Sorry I'm late, what'd I miss?
















Red-tailed cudas are usually Acestrorhynchus falcatus, occasionally A. altus. Innes, you posted a couple of altus but your last pic is A. pantaneiro :rasp:

All of that is academic blabber because what you have is A. falcirostris ("slender" or "yellow-tailed" barracuda).

Fantastic fish, can really pack good sized fish in its mouth (and they do get jumpy). Don't worry too much about the crashing around, part of that ugly shnoz's function is to absorb impact. They're tough once established (but, yes, they really can jump).


----------



## MiniMeeps (Nov 14, 2003)

ok it worked....lol...that is one of my angels with him.
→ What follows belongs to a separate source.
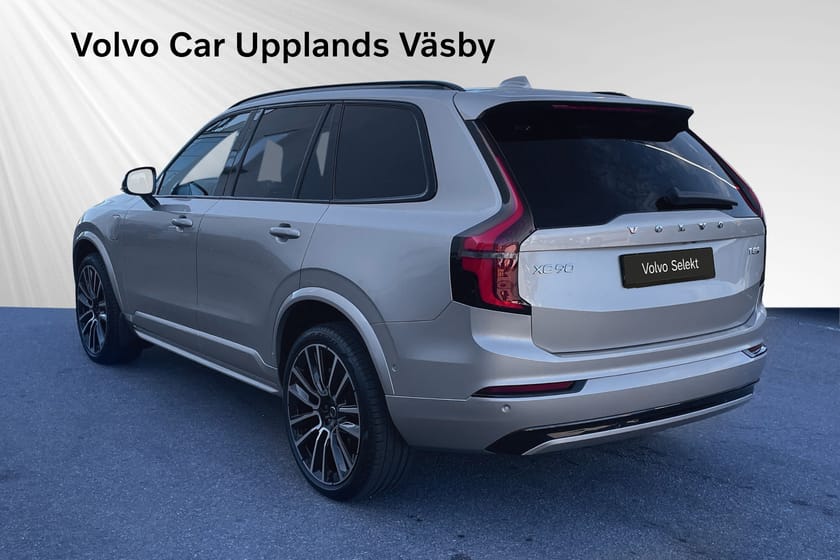 Bild 4 av Volvo XC90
I will add the rest of the pics now


----------



## crazyklown89 (Aug 28, 2003)

www.liveaquaria.com

and in freshwater miscellanous fish they have these and jardinis


----------



## Innes (Jan 13, 2003)

Thanks acestro for keeping us right


----------



## acestro (Jul 7, 2003)

Happy to help with all things cuda!


----------



## MiniMeeps (Nov 14, 2003)

Thank you for finally setting me straight....lol. now i can tell people what it really is.









Everyone that comes over is telling my how ugly my payara is. I think hes a rather pretty fish. when I get a pic of it i will post it here for you.


----------



## MiniMeeps (Nov 14, 2003)

I have been watching these 2 barracudas nightly. Very cool to watch hunt, it almost seems as if they are working together. the payara is a pig, ate 4 feeders last night in a 30 minutes time.

I was wondering what would be the best to feed them, right now they are getting small goldfish, gups, rosies, and various tetras that I find on sale for like 99 cents a fish.

the yellow finned is a very jumpy fish, especially when the lights first come on in the morning.

I have also noticed that when the light go off the both seem to sit in the same level of water. The yellow fin sits up at the serface allday, the payara sits at the bottom. when the light go out the both sit in the middle.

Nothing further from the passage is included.